Now try this yourself with a *.tsv file. The file strep_tb.tsv is located in the same GitHub folder, and you can use the same url_stem.

In the example code chunk below, there are several blanks. Copy this code chunk (use the copy button in the top right of the code chunk - hover to find it) to your RStudio Console pane. Edit it to make the two changes listed, and run the code chunk as directed below.

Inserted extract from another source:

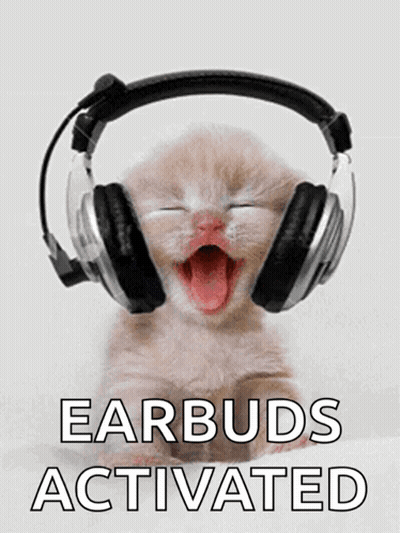 Kitten Wearing Headphones Earbuds Activated GIF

  • Fill in the second part of the read_xxx() function correctly to read this file
  • Fill in the correct file name to complete the path

This version of the code chunk will read in every column as the character data type. This is OK, but not quite right. Now edit the col_types string to make:

  • both doses numeric (n or d) (variables 3,4)
  • gender a factor (f) (var 5)
  • all 4 of the baseline variables into factors (var 6-9)
  • skip over strep_resistance and radiologic_6m - set as hyphens (-) (var 10-11)
  • rad_num into an integer (i) (var 12)
  • improved into a logical (l) (var 13)
strep_tb_cols <- read_---(
    file = glue(url_stem, 'data/----.tsv'),
      col_types = "ccccccccccccc")

glimpse(strep_tb_cols)

5.2 Reading Excel Files with readxl

While file types like *.csv and *.tsv are common, it is also common to use Microsoft Excel or an equivalent for data entry. There are a lot of reasons that this is not a good idea (see chapter XX and video at link), but Excel is so ubiquitous, that it is often used for data entry.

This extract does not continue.